Newsletter-Editorial August 2024

Liebe Leser:innen,

in der Oper „Die Meistersinger“ von Richard Wagner gibt es den berühmt-berüchtigten Sixtus Beckmesser, einen pedantischen, kleinkarierten Spießbürger, der mit seiner Kreide vermeintliche Sangesfehler eines Kontrahenten an die Tafel kratzt.

So ähnlich spielte sich die Diskussion in der vergangenen Stadtratssitzung um die finale Entscheidung zur bisher so genannten Ausweichspielstätte der Staatsoper und dem Ausbau der Ermöglichungsräume der freien Szene in der Kongresshalle ab …

Was haben wir uns, was hat sich der Stadtrat am 17. Juli 2024 getraut?

Nichts weniger als das: Wir haben ein historisch maximal kontaminiertes Nazi-Täter-Monstrum, die Kongresshalle am Dutzendteich, einer vielfältigen, spartenübergreifenden, bunten Kultur samt neuer Spielstätte für das Staatstheater unterworfen!

Ein bundesweit einmaliger Entwurf! Ein Entschluss, der mit größter Ernsthaftigkeit und im Bewusstsein um die historische Verantwortung gegenüber diesem geschichtlich beladenen Gebäude getroffen wurde!

Wie kurzsichtig dagegen die Kritiker:innen der Entscheidung: Ja, der städtische Anteil an den Baukosten ist um knapp 30 Mio. Euro höher als ursprünglich veranschlagt, weil die Nutzungsdauer der neuen Spielstätte verlängert wurde. Ja, das sprengt den beschlossenen Kostendeckel. Ja, das ist nicht schön, darüber ist niemand glücklich.

Aber bitte: Ist das wirklich der springende Punkt?

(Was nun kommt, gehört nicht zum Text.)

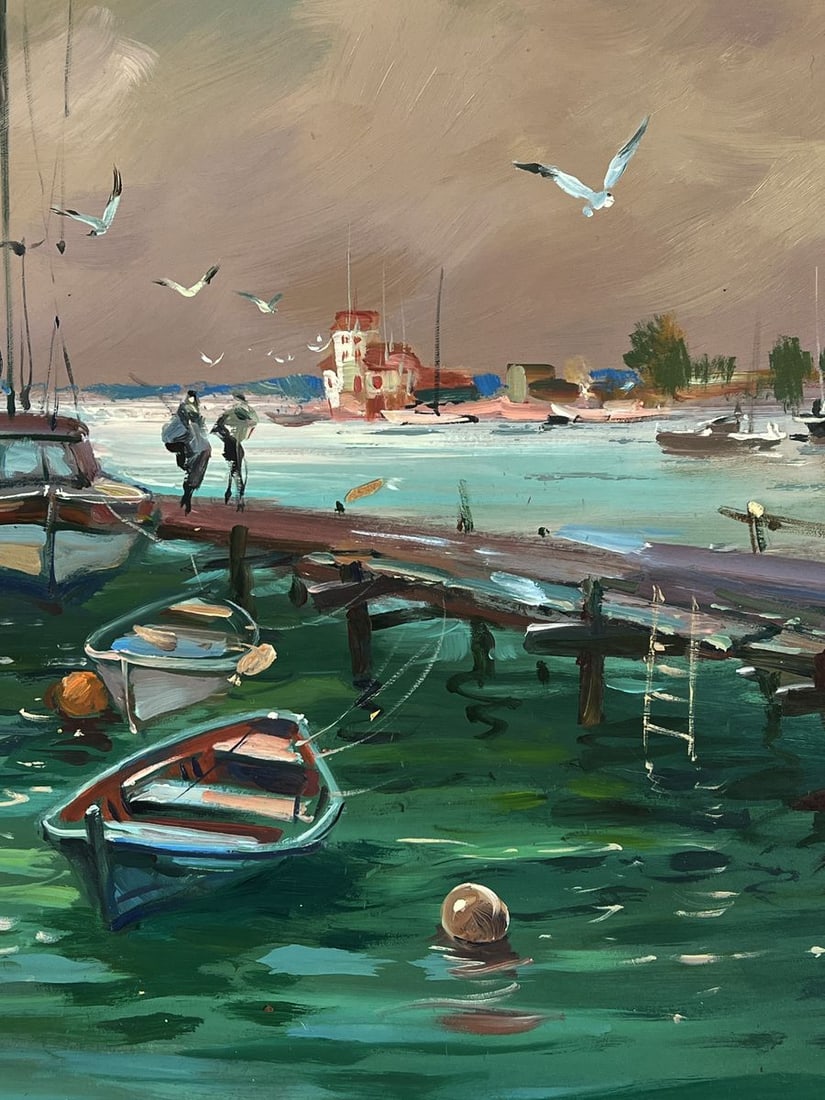 Oil painting Seagulls fly on the pier Yuriy Suprunchuk - 9
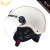 3C认证电动车头盔男女士四季摩托车哈雷半盔冬季款保暖防寒安全帽 白色短透明镜
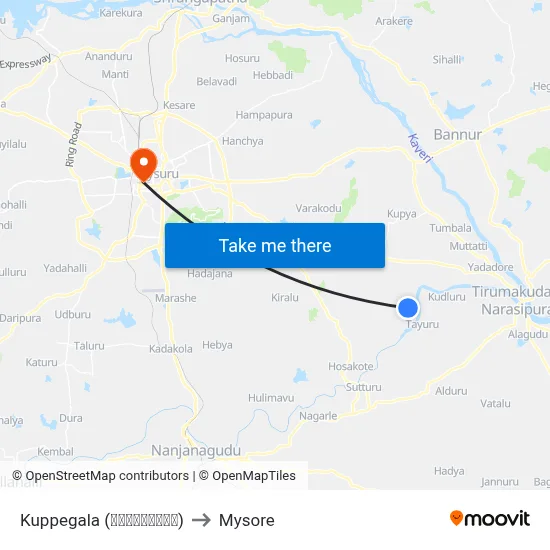 Kuppegala (ಕುಪ್ಪೇಗಾಲ) to Mysore map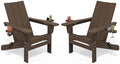 SERWALL HDPE Modern Folding Adirondack Chairs Set of 2, Cup Holders, Coffee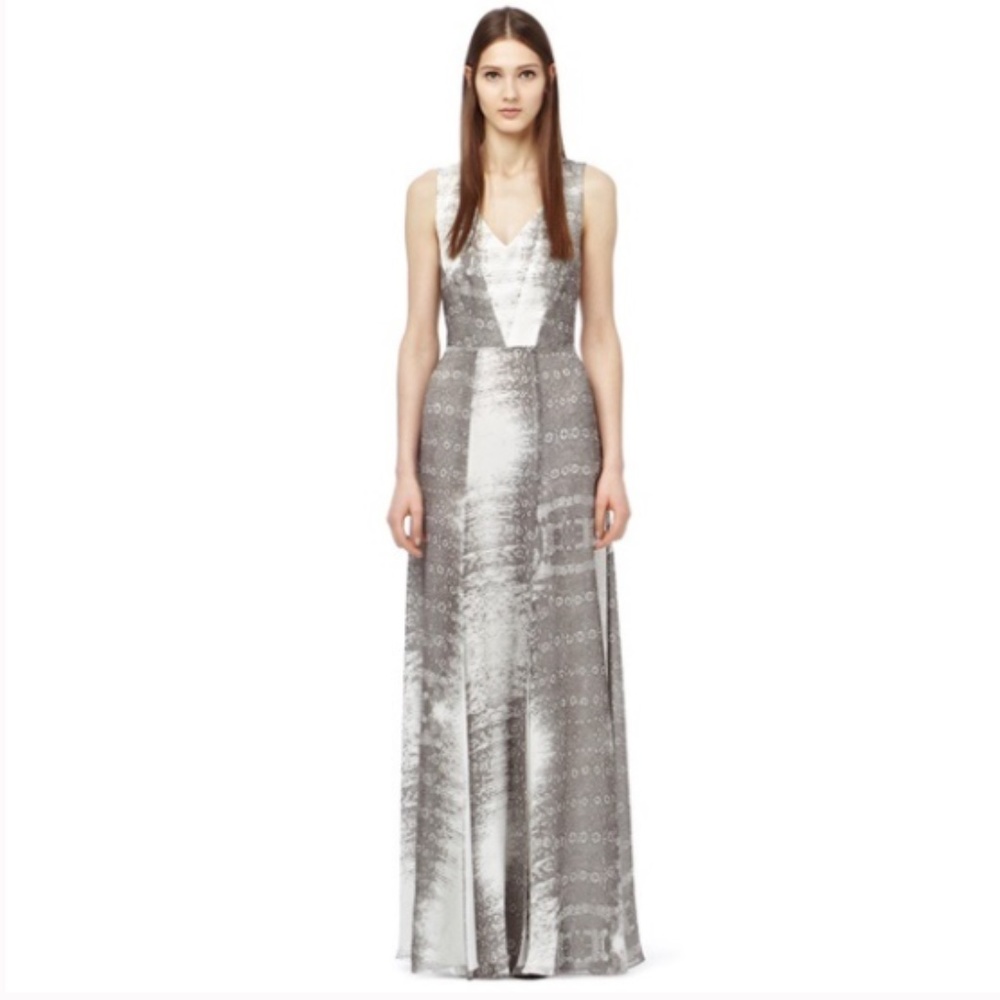 REISS silk print maxi dress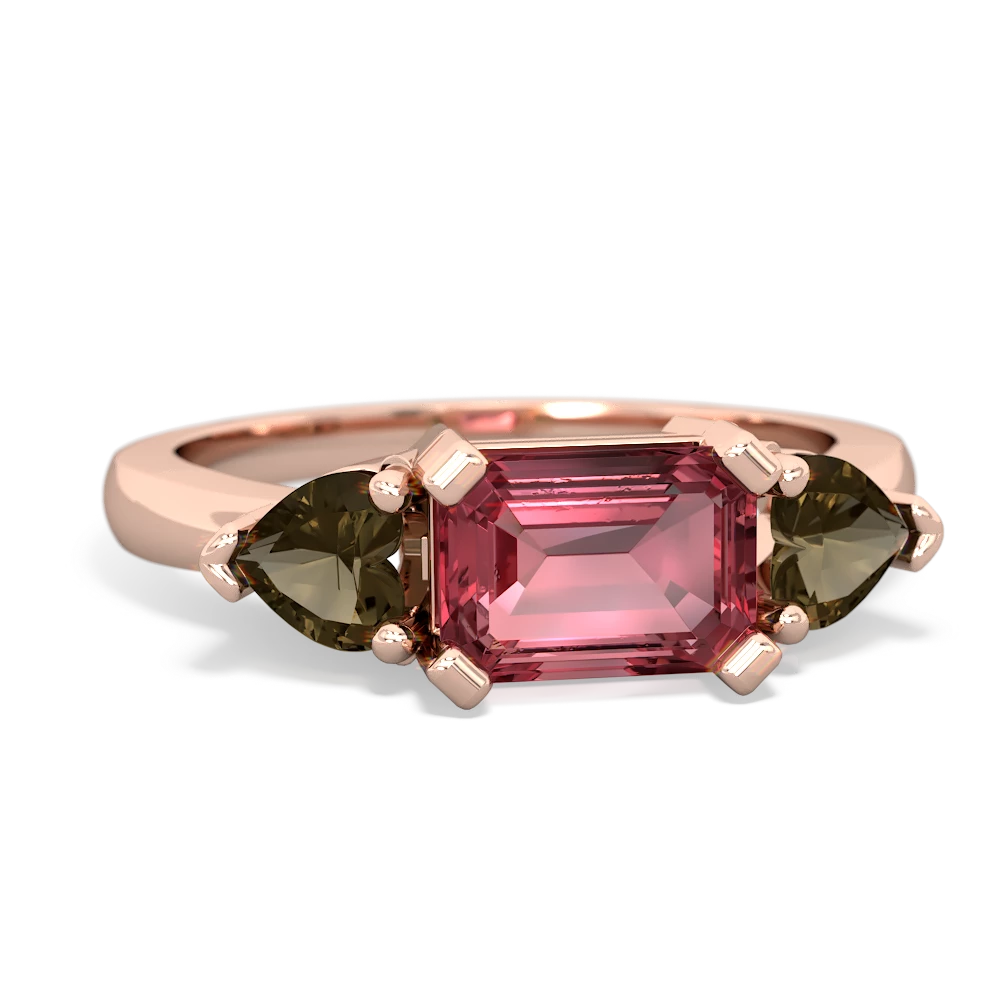 Pink Tourmaline Three Stone 14K Rose Gold ring R5235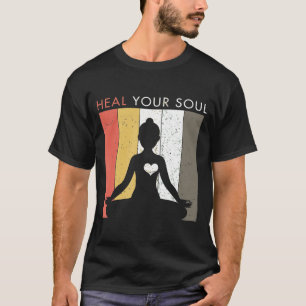 Camiseta Meditação De Yoga Curva Sua Alma Vintage Em Desc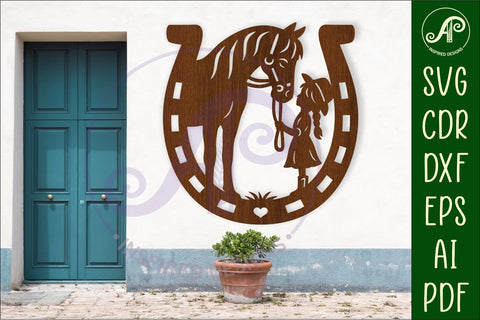 Little cowgirl and horse wall sign svg laser cut SVG APInspireddesigns 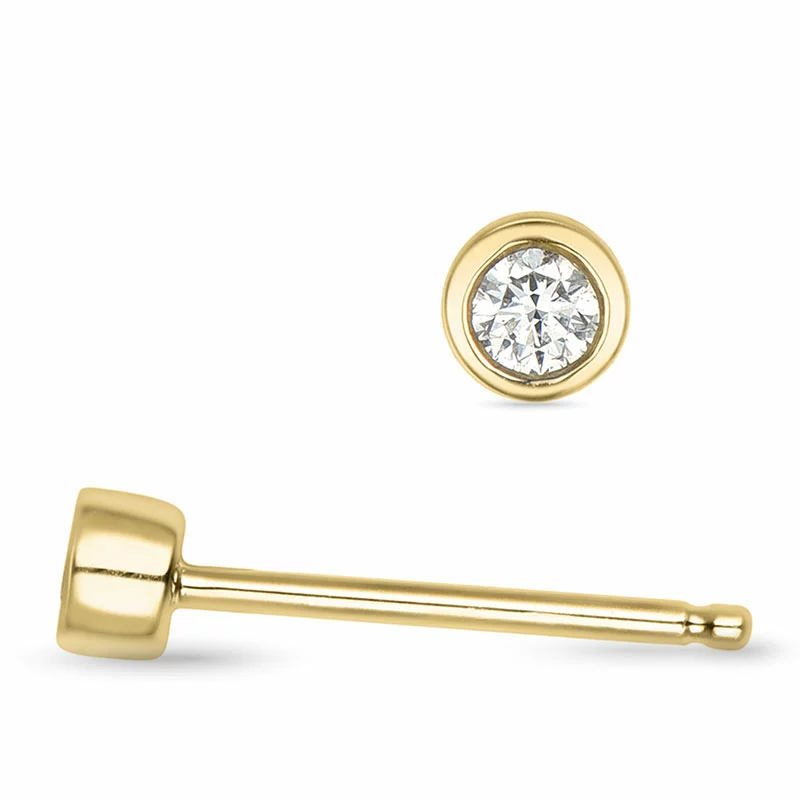 2 x 0,04 ct lab grown Diamant Solitärohrstecker in 9 Karat Gold mit lab grown Diamant - Schmuck - Günstige Schmuck online kaufen hier auf Chanti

Ist nicht die dahinterstehende Ermöglichung der weiter oben skizzierten kulturellen Aneignung von so kraftvoller Natur, dass sich die finanziellen Fragen dahinter einordnen müssen?

Wir als grüne Fraktion tragen den weitreichenden Beschluss mit – er ermöglicht dem Staatstheater eine klare Planung und eröffnet ihm eine langjährige Perspektive sowie eine nachhaltige Nutzung.

Für die freie Szene stehen zukünftig eine Vielzahl von Räumen für verschiedenste künstlerische Ansätze zur Verfügung – in wechselseitigem Austausch mit Kolleg:innen des Staatstheaters und natürlich ebenso in gegenläufiger Richtung …

Der 17. Juli 2024 ist daher ein starkes Signal. Für eine Erinnerungskultur, die neue Antworten und innovative Ansätze sucht.